Public RL Runtime API #

Runtime-facing RL tools under NN.API.rl.*: rollout boundary checks, Gymnasium sessions, Float32/interval numerics, and PPO actor-critic wiring.

Casting to Other Scalar Backends #

The trust-boundary checker validates rollout JSON in host Float, because that is the interchange format. The functions below cast accepted rollouts into the runtime scalar chosen for the proof or training path.

source

def NN.API.rl.boundary.castObs {α : Type} [Runtime.Scalar α] {obsShape : Spec.Shape} (t : Spec.Tensor Float obsShape) :

Spec.Tensor α obsShape

Cast a Float observation tensor into a runtime scalar backend α.

Instances For

source

def NN.API.rl.boundary.castTransition {α : Type} [Runtime.Scalar α] {obsShape : Spec.Shape} {nActions : ℕ} (tr : Transition obsShape nActions) :

Spec.RL.ObservedTransition (Spec.Tensor α obsShape) (Fin nActions) α

Cast a validated Float transition into a runtime scalar backend α.

Instances For

source

def NN.API.rl.boundary.castRollout {α : Type} [Runtime.Scalar α] {obsShape : Spec.Shape} {nActions : ℕ} (xs : Array (Transition obsShape nActions)) :

Array (Spec.RL.ObservedTransition (Spec.Tensor α obsShape) (Fin nActions) α)
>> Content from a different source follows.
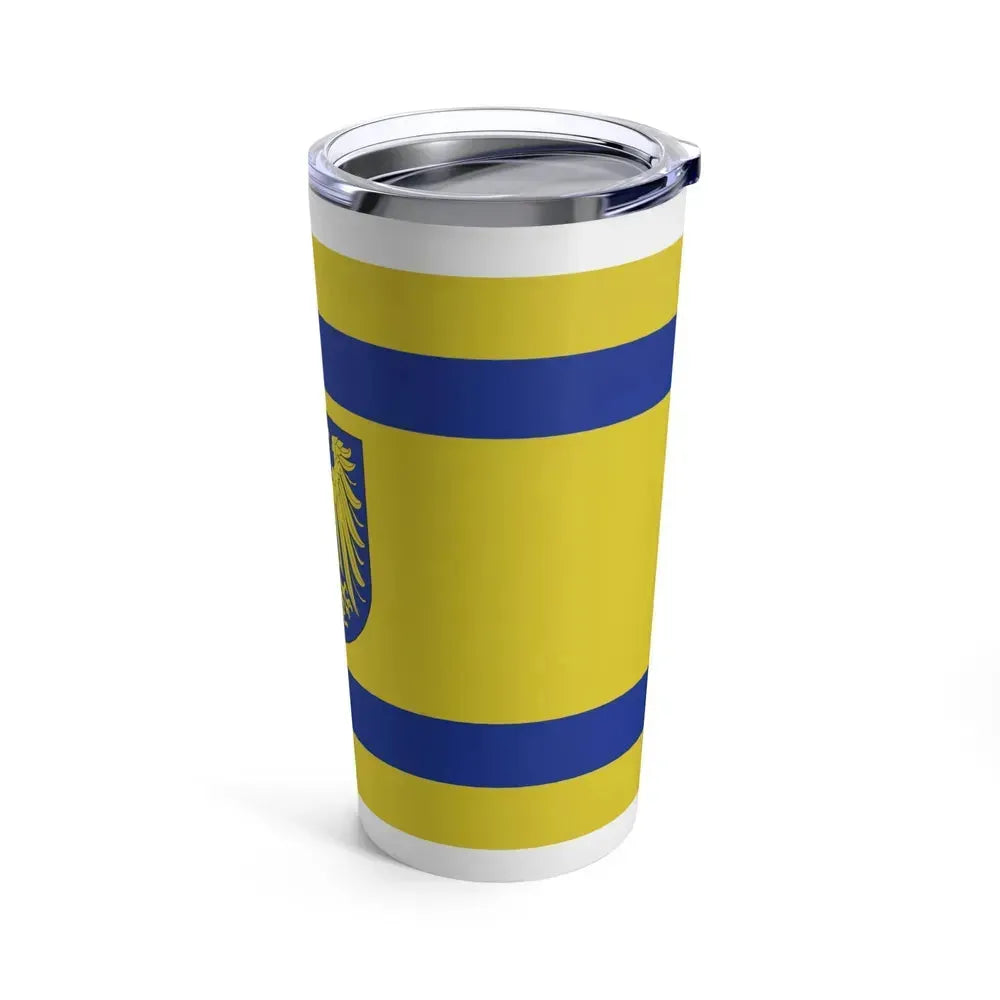 Flag of Bytom Poland - Tumbler 20oz - Go Mug Yourself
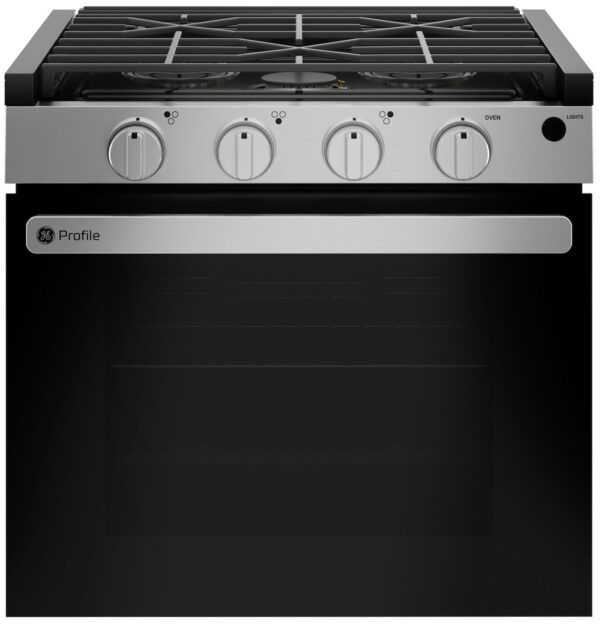 GE 21 Inch Drop-In Propane Range, 3 Burner, 8000 BTU Front, Dual-Tier Oven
Cast a whole rollout into a runtime scalar backend α.

Instances For

source

def NN.API.rl.boundary.loadRolloutCast {α : Type} [Runtime.Scalar α] {obsShape : Spec.Shape} {nActions : ℕ} (path : String) (c : Contract obsShape nActions) :

IO (Array (Spec.RL.ObservedTransition (Spec.Tensor α obsShape) (Fin nActions) α))

Load a rollout JSON file, validate it with the boundary contract, then cast to scalar α.

Instances For

source

def NN.API.rl.ppo.instantiateActorCritic {stateShape : Spec.Shape} {batch nActions : ℕ} {α : Type} [Fact (0 < batch)] [Fact (0 < nActions)] [Semantics.Scalar α] [DecidableEq Spec.Shape] [Runtime.Scalar α] [Runtime.Autograd.Torch.Internal.CudaBridge.TensorConv α] (opts : Runtime.Autograd.Torch.Options) (actor : TorchLean.NN.Seq stateShape (Spec.Shape.dim batch (Spec.Shape.dim nActions Spec.Shape.scalar))) (critic : TorchLean.NN.Seq stateShape (Spec.Shape.dim batch (Spec.Shape.dim 1 Spec.Shape.scalar))) (cast : Float → α := Runtime.ofFloat) :

IO (Runtime.Autograd.TorchLean.ScalarModule α (actor.paramShapes ++ critic.paramShapes) [stateShape, Spec.Shape.dim batch (Spec.Shape.dim nActions Spec.Shape.scalar), Spec.Shape.dim batch Spec.Shape.scalar, Spec.Shape.dim batch Spec.Shape.scalar, Spec.Shape.dim batch (Spec.Shape.dim 1 Spec.Shape.scalar)])

Instantiate the standard PPO actor-critic runtime module.

Instances For

source

def NN.API.rl.ppo.optimizerInputs {α : Type} [Semantics.Scalar α] [Runtime.Scalar α] {paramShapes inputShapes : List Spec.Shape} (m : Runtime.Autograd.TorchLean.ScalarModule α paramShapes inputShapes) (cfg : TorchLean.Trainer.Optimizer) :

IO (Runtime.Autograd.Torch.TList α inputShapes → IO Unit)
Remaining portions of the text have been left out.